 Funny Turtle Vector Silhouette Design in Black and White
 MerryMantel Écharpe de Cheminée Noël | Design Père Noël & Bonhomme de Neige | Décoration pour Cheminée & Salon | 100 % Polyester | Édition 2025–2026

---

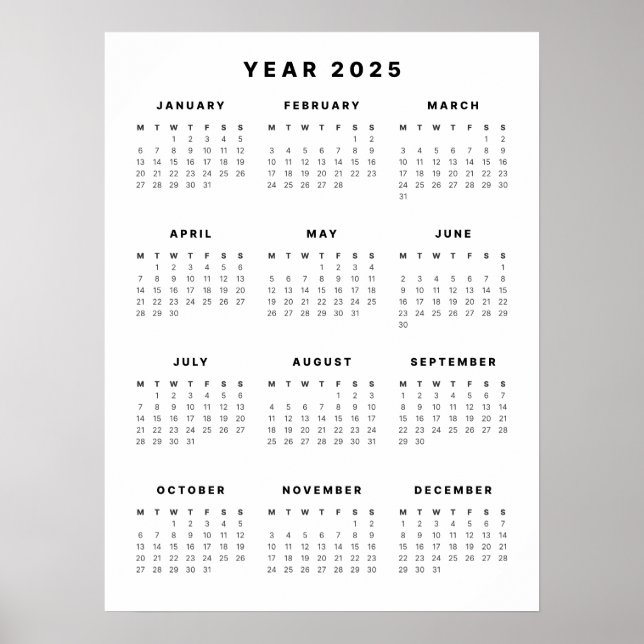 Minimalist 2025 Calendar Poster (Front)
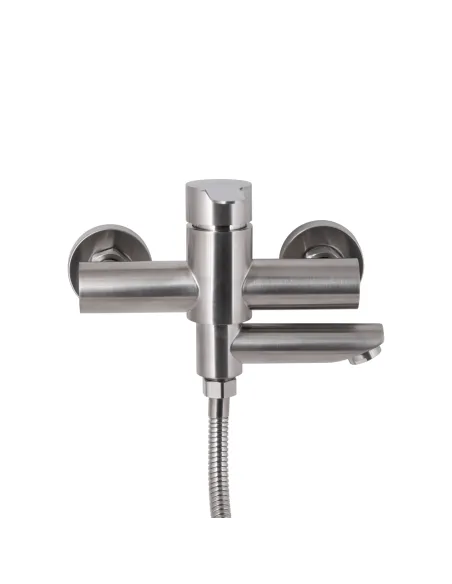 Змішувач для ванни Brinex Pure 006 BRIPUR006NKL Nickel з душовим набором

WHAT YOU WILL DO:
Write back the stretch of lines above that begins with the line holding "Minimalist 2025 Calendar Poster (Front)" and ends with the line holding "Змішувач для ванни", both included, exactly as written. Pictures stay out.

OUTPUT:
 Minimalist 2025 Calendar Poster (Front)
 Змішувач для ванни Brinex Pure 006 BRIPUR006NKL Nickel з душовим набором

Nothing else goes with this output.